Schiele: Die Selbstständigkeit hat mich schon lange Zeit vor meinem Studium gereizt. Ich wollte aber noch studieren und praktische Erfahrungen sammeln und wusste damals auch nicht, in welcher Richtung ich mich selbstständig machen sollte. Ursprünglich hätte ich einmal eine kleine Maschinenbau Firma meines Großvaters übernehmen können. Das war auch einer der Gründe für meine erste Berufsausbildung im Handwerk. Aber mit dem Thema Maschinen konnte ich mich nicht anfreunden. Die Erfahrungen in Agenturen und anderen Unternehmen haben mich auch nicht wirklich zufrieden gestellt. Das war mir alles zu vorgefertigt. Ich musste mir meinen Arbeitsplatz sozusagen selbst schaffen. Damit habe ich vor sechs Jahren dann angefangen, weil für mich der richtige Zeitpunkt gekommen war. Was die Zukunft bringt, weiß ich natürlich nicht, aber ich finde es interessanter neue Wege einzuschlagen, als sicher auf ausgetretenen Pfaden zu gehen. Ich kann mich für das begeistern, was ich heute arbeite. Im Nachhinein bin ich sicher, dass die Leidenschaft und das Interesse die treibenden Kräfte gewesen sind. Denn selbstständig hätte ich mich im Maschinenbau oder im Handwerk schon von Jahren machen können. Ein etabliertes Unternehmen war vorhanden. Was fehlte, war mein Interesse.

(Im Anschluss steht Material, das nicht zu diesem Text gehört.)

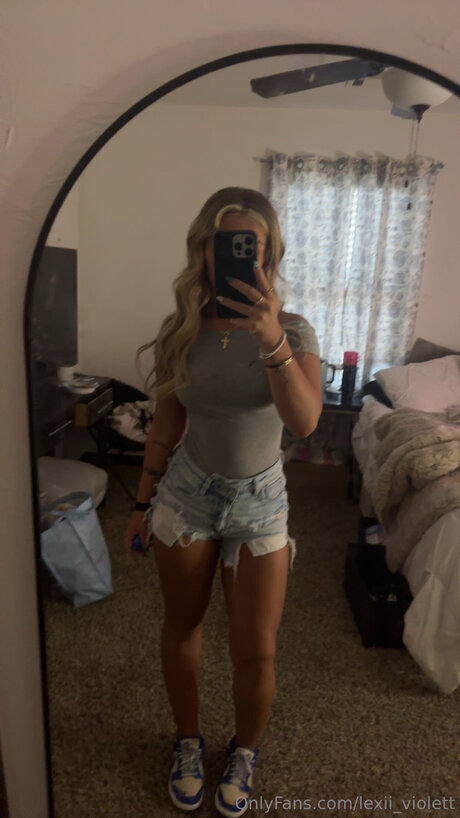 Juliannapeyton model nice image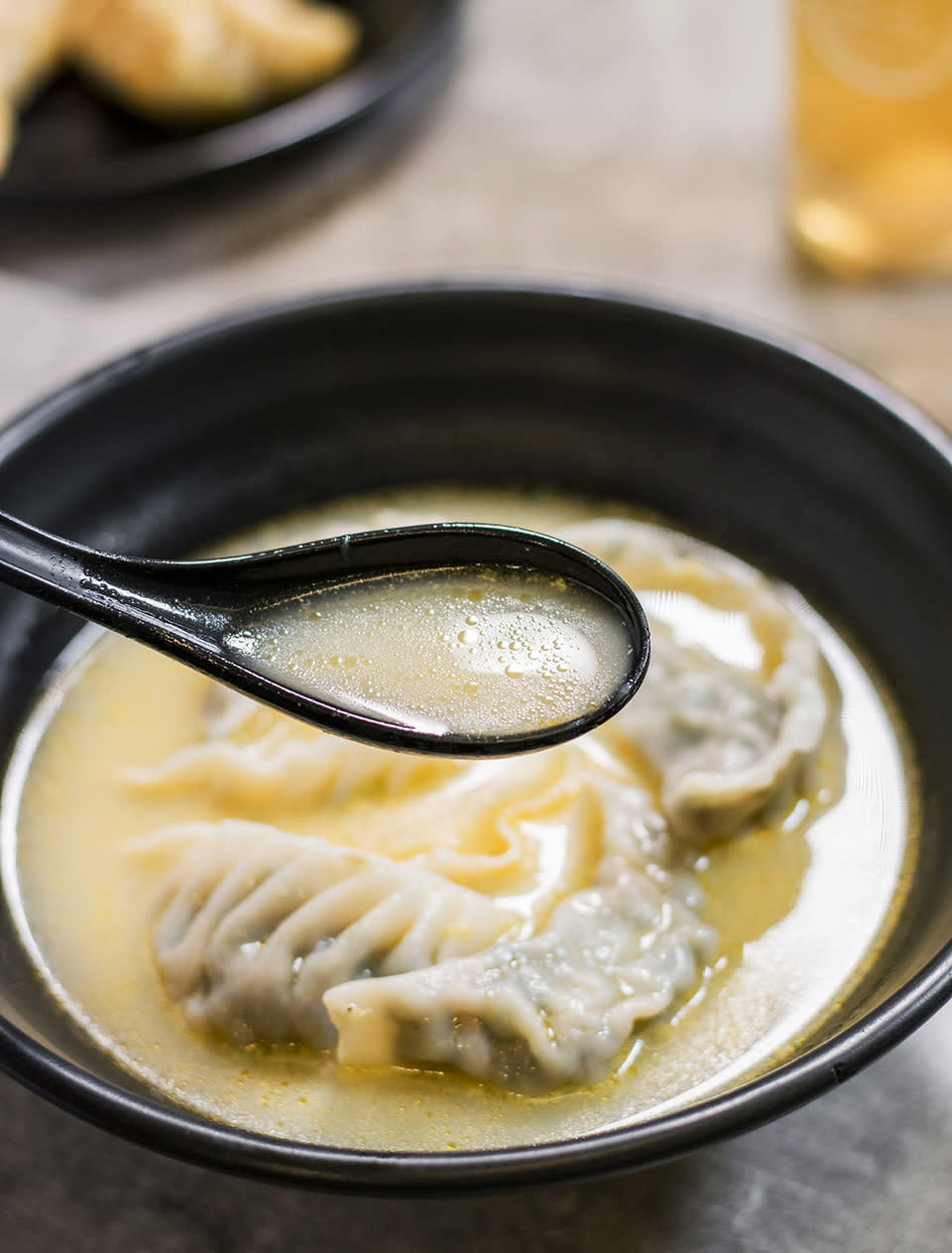 大埔美食︱無味精蕃茄薯仔魚湯底  招牌芫茜胡椒餃+咖喱雞餃子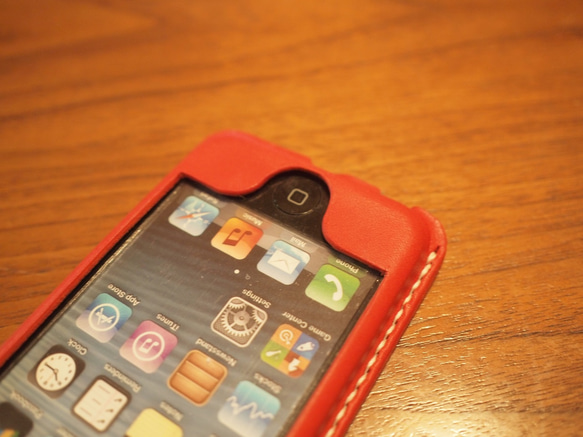 iPhone5s /5 カバー ケース　栃木レザー 牛革　手縫い レッド 5枚目の画像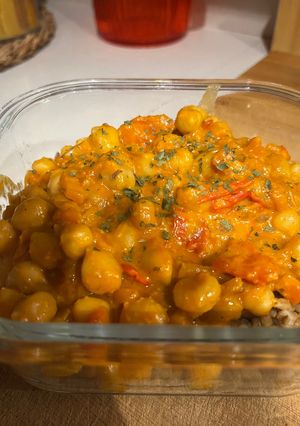 Una foto de Curry de garbanzos y avena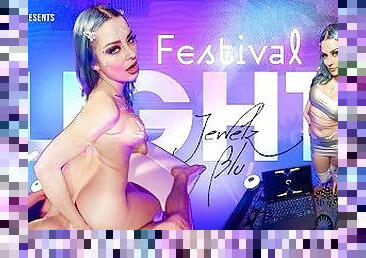 VRHUSH Festival lights with busty babe Jewelz Blu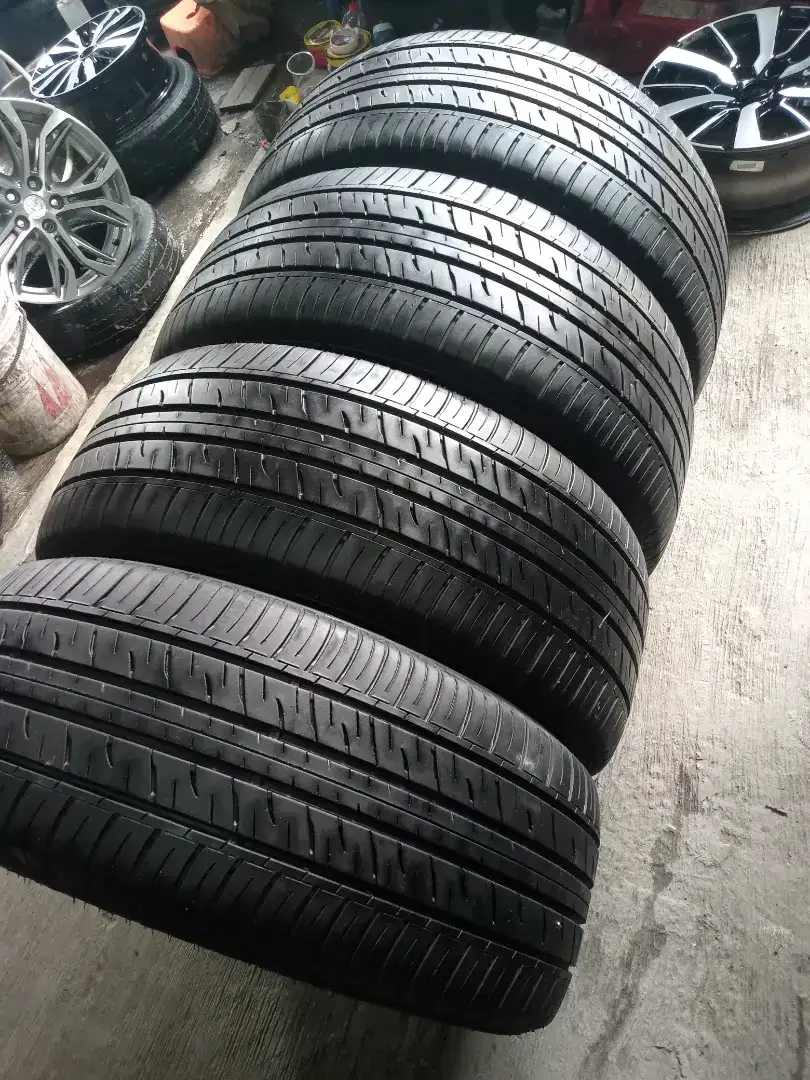 Dunlop grandtrek PTA 275 50 R21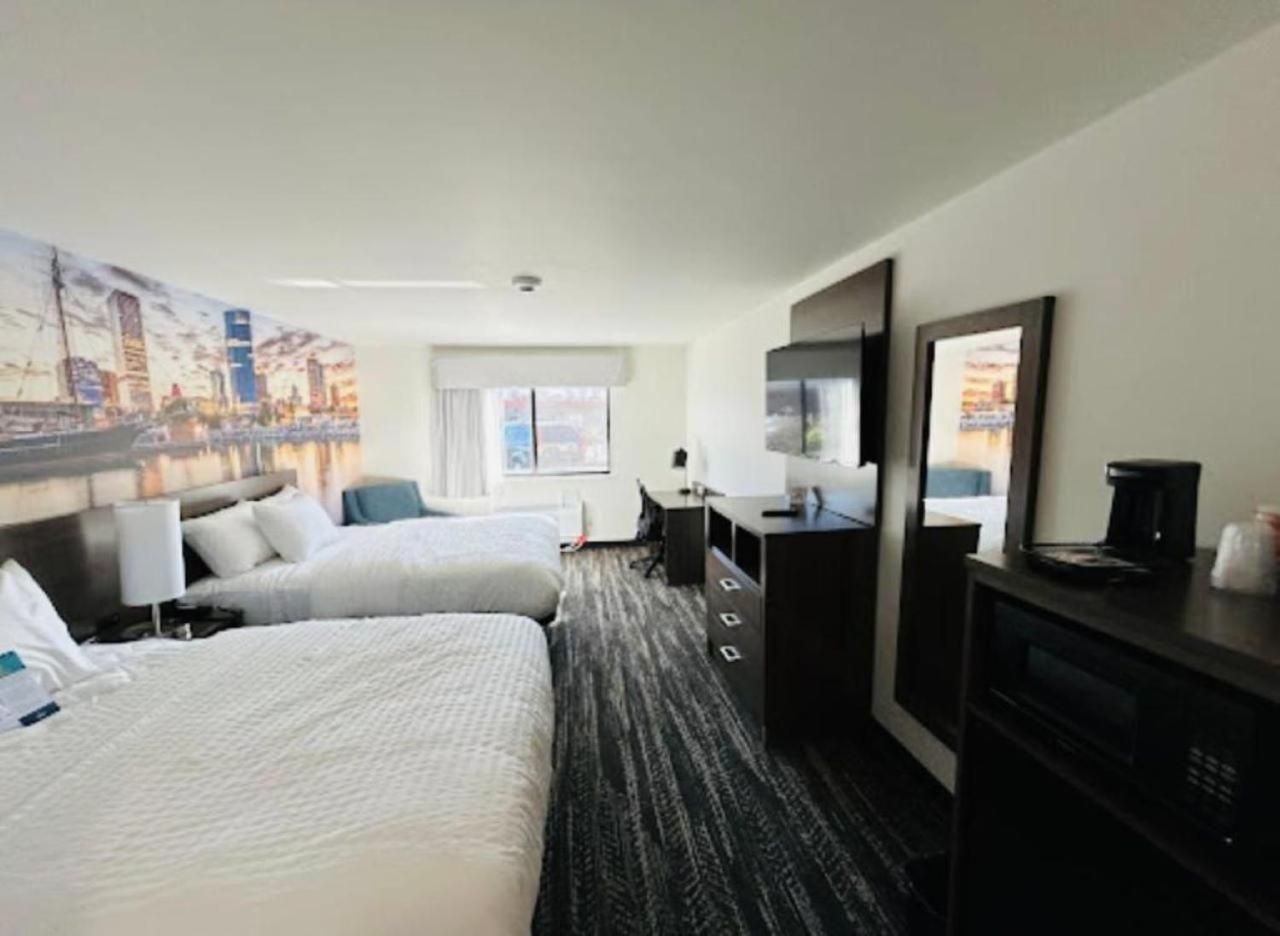 Clarion Pointe Hotel Milwaukee Luaran gambar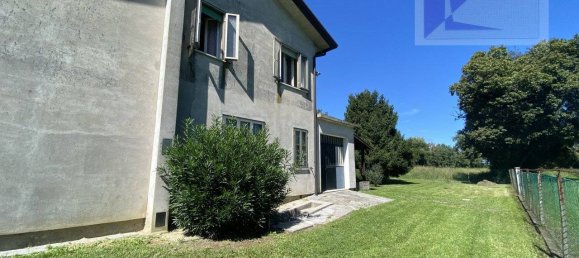 3 bedrooms Villa in Piombino Dese, Italy No. 359165 3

förderland: Gibt es ein junges Unternehmen, das Ihrer Meinung nach in Sachen Markenbildung alles richtig gemacht hat?
Schiele: Das zu beurteilen maße ich mir nicht an. Erstens kenne ich nicht alle jungen Unternehmen und zweitens glaube ich nicht, dass es ein Unternehmen gibt, das alles richtig macht. In Sachen Markenbildung kann man mit breitem Wissen und Erfahrung die Weichen mit Sicherheit gut und effizient stellen. Ich persönlich finde die Markenbildung von Red Bull sehr gut. Das Unternehmen ist zwar nicht mehr so jung, aber die Story und die Kommunikation ist richtig gut.
förderland: Vielen Dank für das Gespräch.